In the United States, most men who use PDE5 inhibitors (i.e., avanafil, sildenafil, tadalafil, vardenafil) for restoration of sexual function use them on a PRN basis. One of the reasons for PRN use is that the short half-life of all currently FDA-approved PDE5 inhibitors, except tadalafil, is too short to provide sustained 24-hour enhancement of cyclic GMP, the chemical messenger responsible for corpora cavernosa vascular dilation. Because of its 18-hour half-life, tadalafil is well suited to low-dose daily administration, but the time to onset of efficacy may be somewhat slower than the other PDE5 inhibitors.
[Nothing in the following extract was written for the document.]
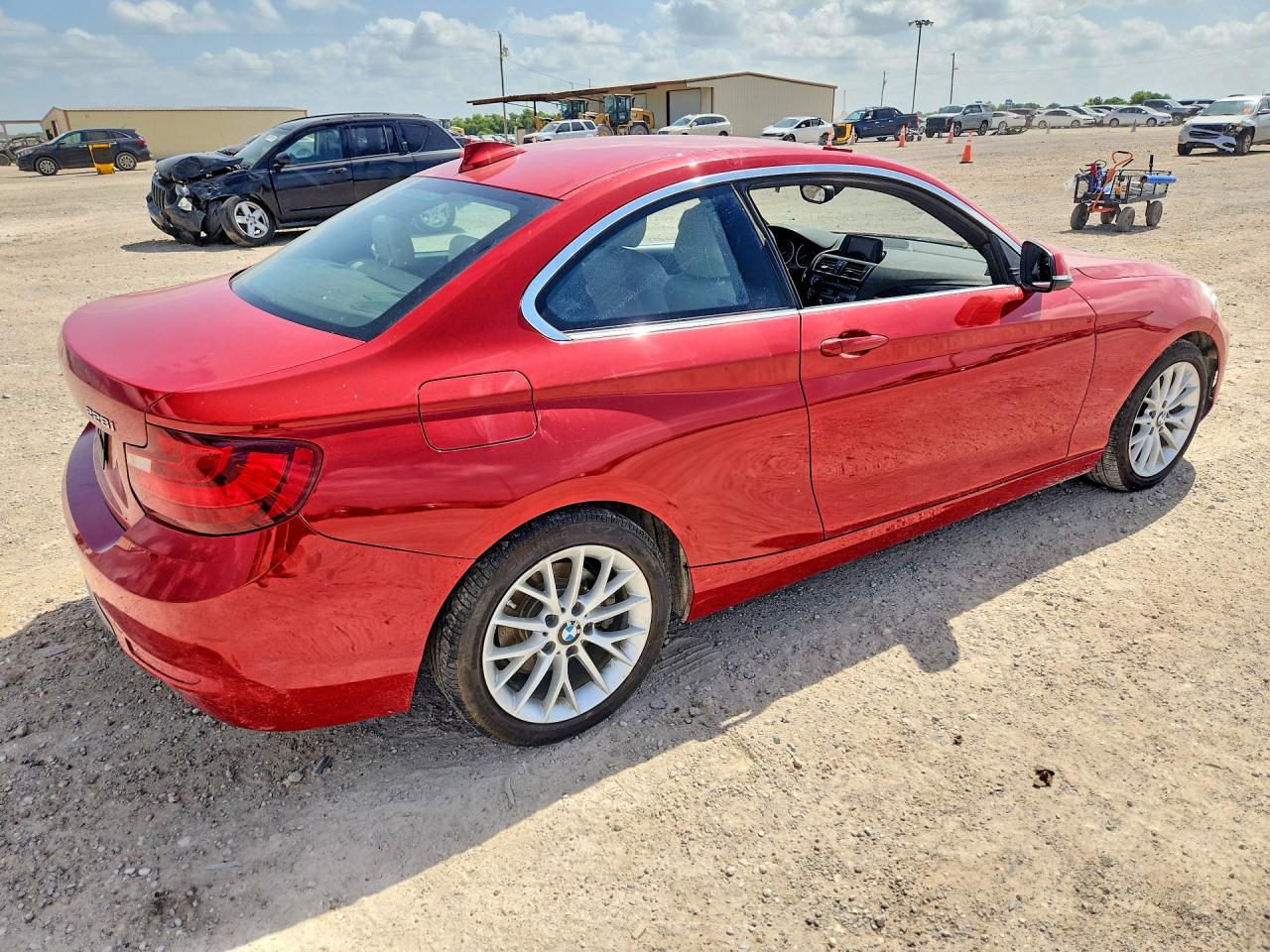 2016 Bmw 228 I Sulev Red vin: WBA1F9C5XGV545308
In Korea, another PDE5 inhibitor — udenafil — is approved for the treatment of erectile dysfunction (ED). Similar to tadalafil, udenafil has a long half-life (11-13 hours), making it suitable for once-daily administration. In contrast to tadalafil, it has a more rapid onset of action (time to maximum plasma concentration = 0.8-1.3 hours) than tadalafil (2 hours). Shim et al performed a 2-month, placebo-controlled trial of once-daily udenafil among men (n = 49) with ED. The outcomes included not only erectile function but also assessments of depression (PHQ-9), somatization (PHQ-15), and cognitive function (Korean MMSE and Seoul Neuropsychological Screening Battery).
As has been shown with other PDE5 inhibitors, there was a substantial improvement in erectile function. In addition, treatment with udenafil improved measurements of cognition, depression, and somatization compared to placebo. Improved erectile function has previously been shown to improve depression and quality of life, but Shim et al suggest that there may also be direct central nervous system, vascular, and nitrergic pathways that could lead to the outcomes improvement they detected.